→ **ACTION ITEM**
Would you restate the full listing word for word and omit its pictures?

COLLECTED DATA section start

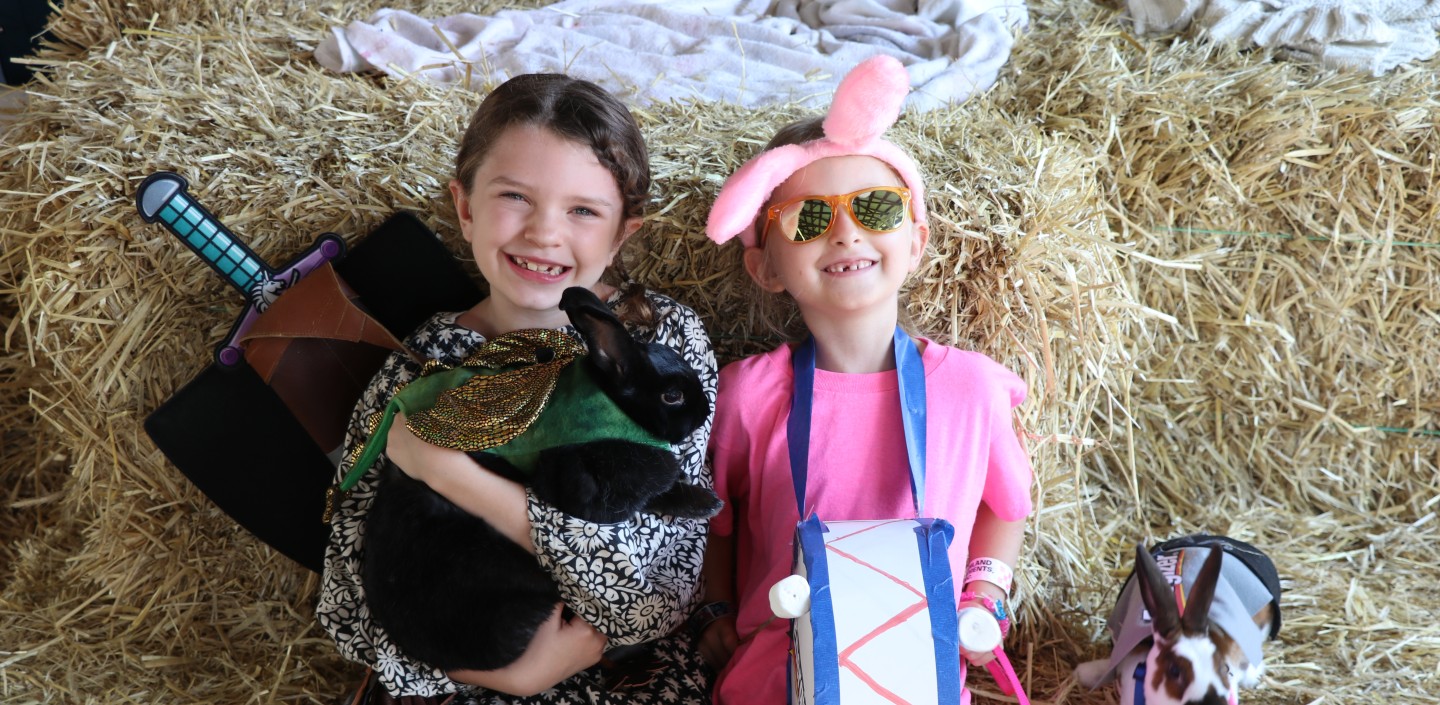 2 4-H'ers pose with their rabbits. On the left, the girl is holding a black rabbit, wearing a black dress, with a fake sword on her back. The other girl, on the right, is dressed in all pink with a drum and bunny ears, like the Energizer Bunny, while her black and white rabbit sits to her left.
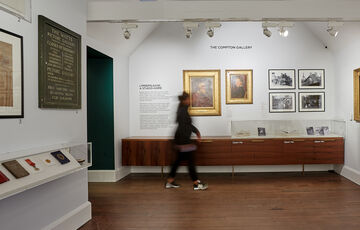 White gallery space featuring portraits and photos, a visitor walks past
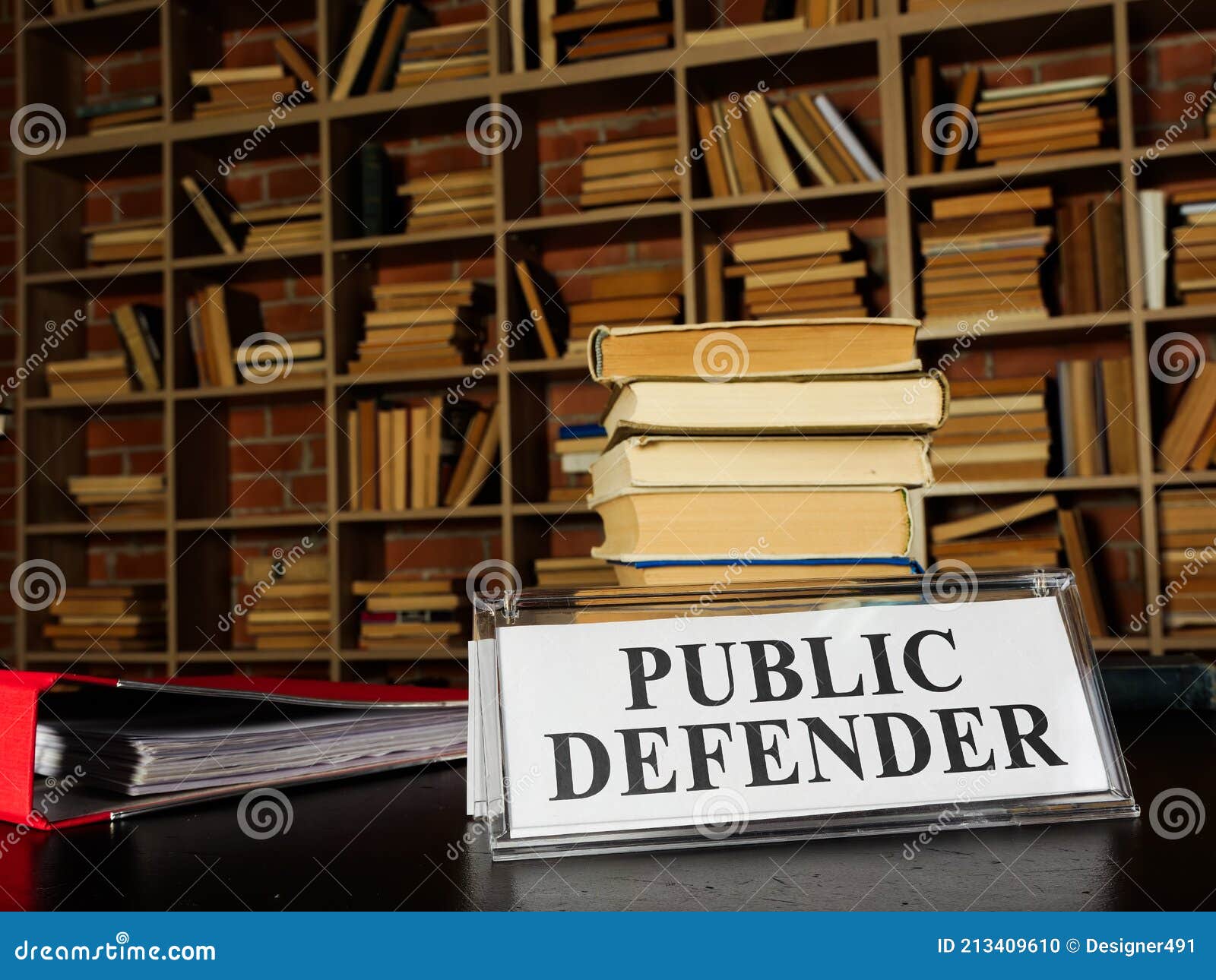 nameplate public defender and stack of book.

COLLECTED DATA section end

→ **ANSWER FOR THIS EXERCISE**
 2 4-H'ers pose with their rabbits. On the left, the girl is holding a black rabbit, wearing a black dress, with a fake sword on her back. The other girl, on the right, is dressed in all pink with a drum and bunny ears, like the Energizer Bunny, while her black and white rabbit sits to her left.
 White gallery space featuring portraits and photos, a visitor walks past
 nameplate public defender and stack of book.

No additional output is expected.